Keeping each line exactly as it is, output all of the records.
────────────────────────────────────────
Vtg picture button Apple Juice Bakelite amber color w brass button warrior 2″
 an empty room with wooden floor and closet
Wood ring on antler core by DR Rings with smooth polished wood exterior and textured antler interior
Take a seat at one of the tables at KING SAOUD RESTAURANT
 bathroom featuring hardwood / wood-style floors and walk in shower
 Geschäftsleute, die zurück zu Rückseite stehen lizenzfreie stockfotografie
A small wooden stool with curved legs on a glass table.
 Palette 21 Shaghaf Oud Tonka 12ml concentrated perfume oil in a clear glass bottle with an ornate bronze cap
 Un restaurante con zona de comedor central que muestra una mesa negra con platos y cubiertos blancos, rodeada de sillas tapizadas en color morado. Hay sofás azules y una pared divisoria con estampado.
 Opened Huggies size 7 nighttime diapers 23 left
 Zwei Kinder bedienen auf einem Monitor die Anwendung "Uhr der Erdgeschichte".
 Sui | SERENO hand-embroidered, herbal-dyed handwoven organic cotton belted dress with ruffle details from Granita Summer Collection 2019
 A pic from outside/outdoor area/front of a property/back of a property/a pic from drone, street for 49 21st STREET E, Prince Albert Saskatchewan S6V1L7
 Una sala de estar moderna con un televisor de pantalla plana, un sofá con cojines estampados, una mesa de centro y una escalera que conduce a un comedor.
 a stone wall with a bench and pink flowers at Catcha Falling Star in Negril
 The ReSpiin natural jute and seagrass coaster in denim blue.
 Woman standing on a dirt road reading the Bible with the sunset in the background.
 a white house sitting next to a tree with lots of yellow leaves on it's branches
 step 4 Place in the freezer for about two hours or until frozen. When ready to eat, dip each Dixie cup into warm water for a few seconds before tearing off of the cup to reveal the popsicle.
────────────────────────────────────────
> Task answer
Vtg picture button Apple Juice Bakelite amber color w brass button warrior 2″
 an empty room with wooden floor and closet
Wood ring on antler core by DR Rings with smooth polished wood exterior and textured antler interior
Take a seat at one of the tables at KING SAOUD RESTAURANT
 bathroom featuring hardwood / wood-style floors and walk in shower
 Geschäftsleute, die zurück zu Rückseite stehen lizenzfreie stockfotografie
A small wooden stool with curved legs on a glass table.
 Palette 21 Shaghaf Oud Tonka 12ml concentrated perfume oil in a clear glass bottle with an ornate bronze cap
 Un restaurante con zona de comedor central que muestra una mesa negra con platos y cubiertos blancos, rodeada de sillas tapizadas en color morado. Hay sofás azules y una pared divisoria con estampado.
 Opened Huggies size 7 nighttime diapers 23 left
 Zwei Kinder bedienen auf einem Monitor die Anwendung "Uhr der Erdgeschichte".
 Sui | SERENO hand-embroidered, herbal-dyed handwoven organic cotton belted dress with ruffle details from Granita Summer Collection 2019
 A pic from outside/outdoor area/front of a property/back of a property/a pic from drone, street for 49 21st STREET E, Prince Albert Saskatchewan S6V1L7
 Una sala de estar moderna con un televisor de pantalla plana, un sofá con cojines estampados, una mesa de centro y una escalera que conduce a un comedor.
 a stone wall with a bench and pink flowers at Catcha Falling Star in Negril
 The ReSpiin natural jute and seagrass coaster in denim blue.
 Woman standing on a dirt road reading the Bible with the sunset in the background.
 a white house sitting next to a tree with lots of yellow leaves on it's branches
 step 4 Place in the freezer for about two hours or until frozen. When ready to eat, dip each Dixie cup into warm water for a few seconds before tearing off of the cup to reveal the popsicle.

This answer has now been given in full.